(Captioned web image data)
══════════════════════════════
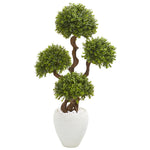 Nearly Natural 9713 4' Artificial Green Four Ball Boxwood Topiary Tree in White Planter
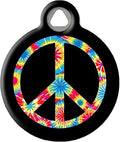 Dog Tag Art Tie Dye Peace Symbol Custom Pet ID Tag for Dogs and Cats, Silent Polymer Coated Stainless Steel Nametag - Large 1.25" Diamter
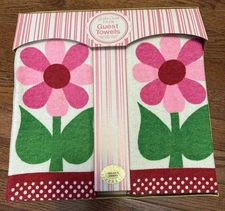IOB Unused WITH FLAWS Fringed Pink Flower Vintage Hand Towel Set Gift Set READ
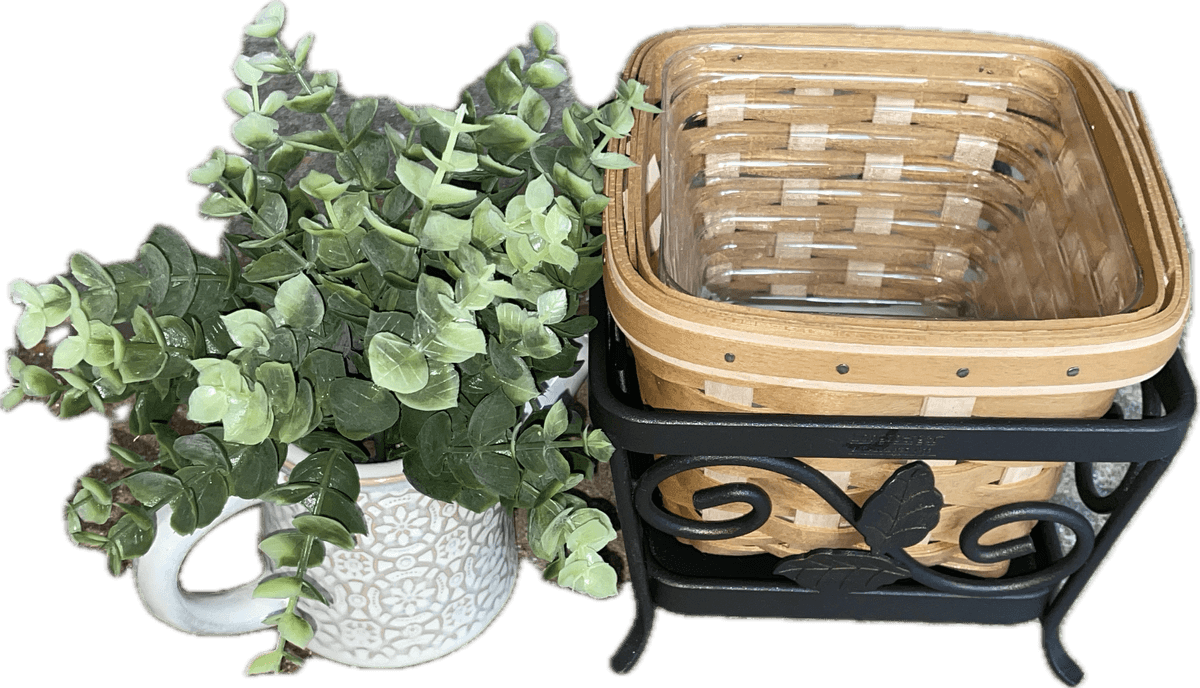 Longaberger 2004 Seeding Basket with Wrought Iron Stand, Protector, Gardening Protector and Mug with Plant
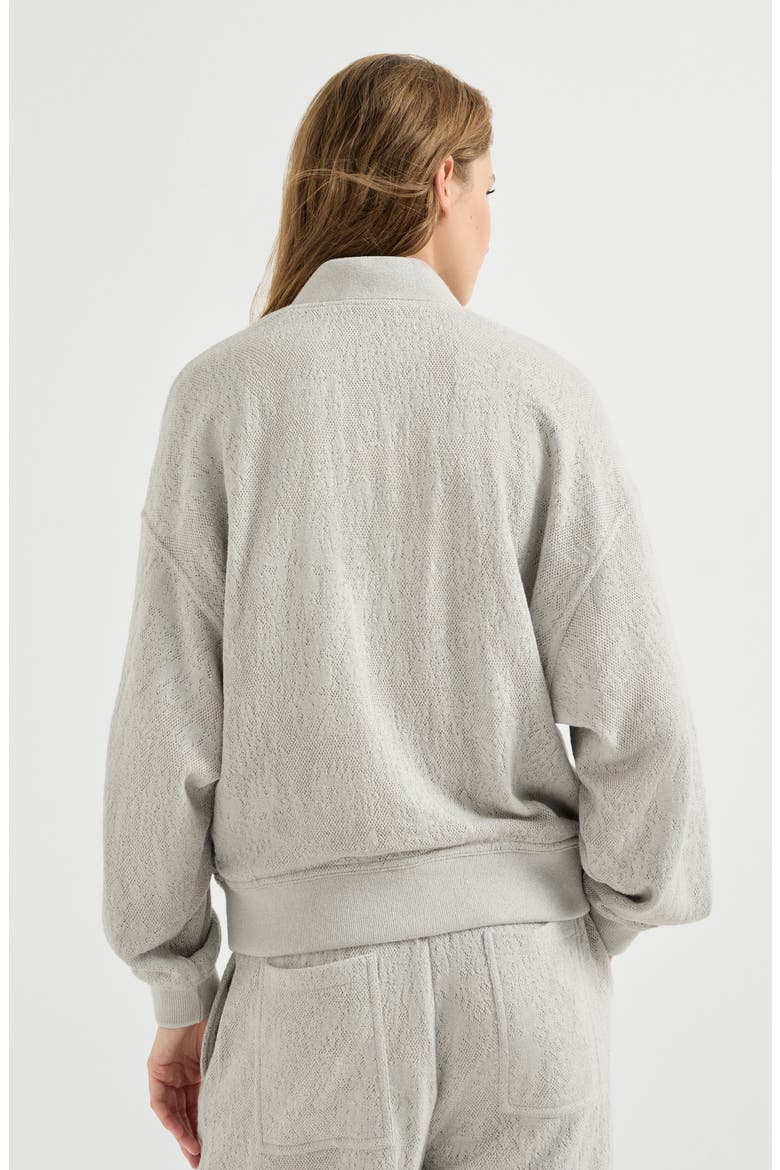 Lace flowers jersey sweatshirt in sparkling virgin wool and cashmere with monili, Alternate, color, Light Grey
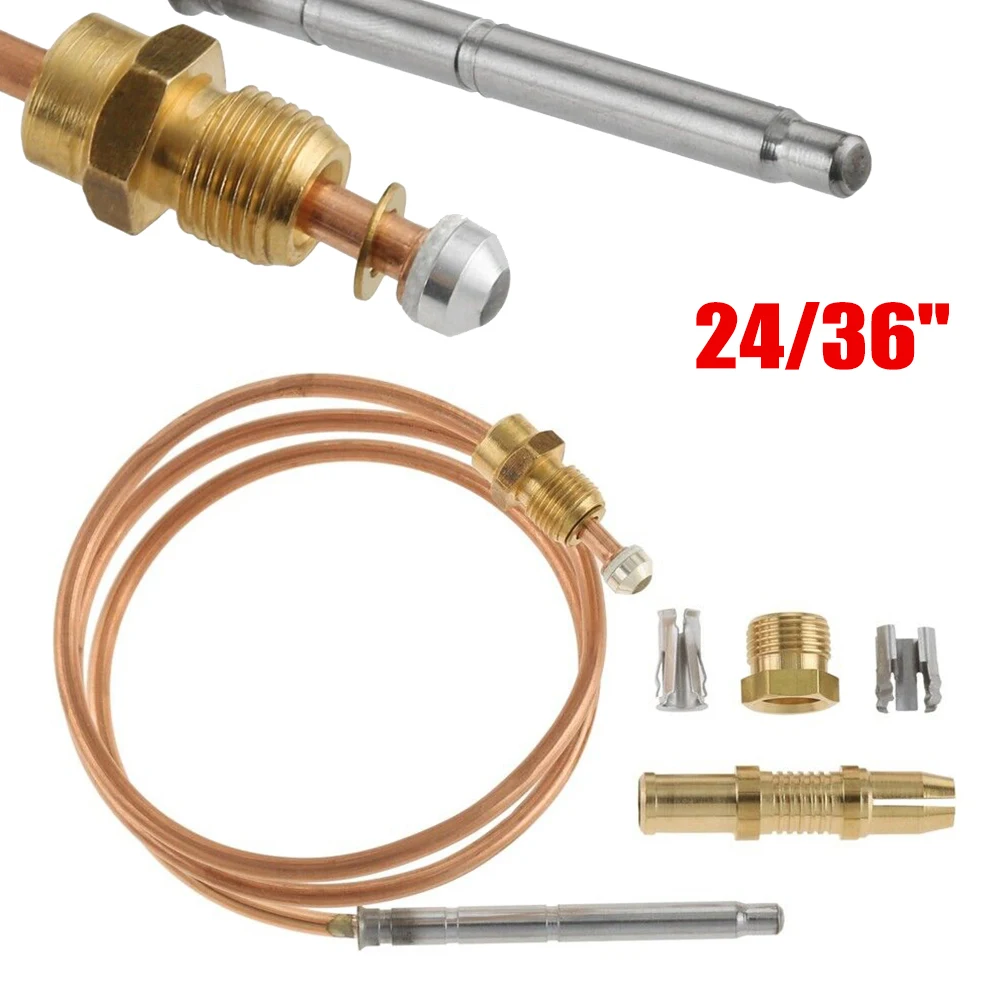Copper Thermocouple 24 36 Inch High Temperature Sensor For Robertshaw For Rheem For General HVAC For Pilot Burner Thermostat Con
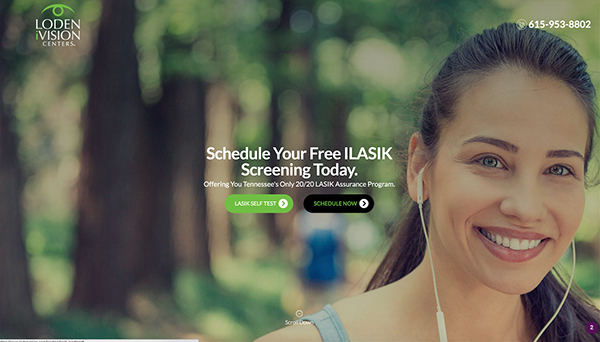 Loden iVision Centers Landing Page Example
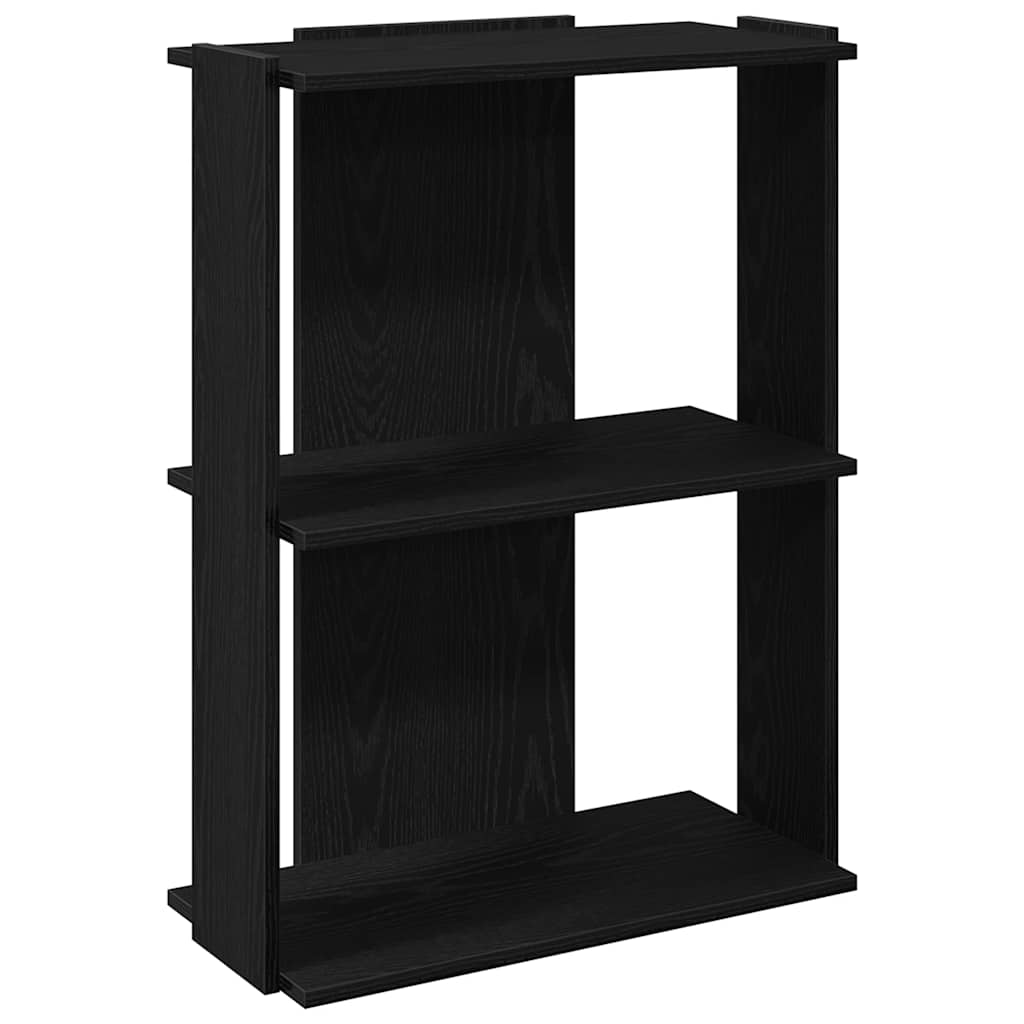 Regal za knjige s 3 razine crni 60x30x80 cm konstruirano drvo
══════════════════════════════
#### WORK INSTRUCTION:
Ignoring the pictures, write out word for word only the lines from the one containing "Dog Tag Art" through the last line of the data, both ends included.

#### WRITTEN ANSWER:
 Dog Tag Art Tie Dye Peace Symbol Custom Pet ID Tag for Dogs and Cats, Silent Polymer Coated Stainless Steel Nametag - Large 1.25" Diamter
IOB Unused WITH FLAWS Fringed Pink Flower Vintage Hand Towel Set Gift Set READ
 Longaberger 2004 Seeding Basket with Wrought Iron Stand, Protector, Gardening Protector and Mug with Plant
 Lace flowers jersey sweatshirt in sparkling virgin wool and cashmere with monili, Alternate, color, Light Grey
Copper Thermocouple 24 36 Inch High Temperature Sensor For Robertshaw For Rheem For General HVAC For Pilot Burner Thermostat Con
 Loden iVision Centers Landing Page Example
 Regal za knjige s 3 razine crni 60x30x80 cm konstruirano drvo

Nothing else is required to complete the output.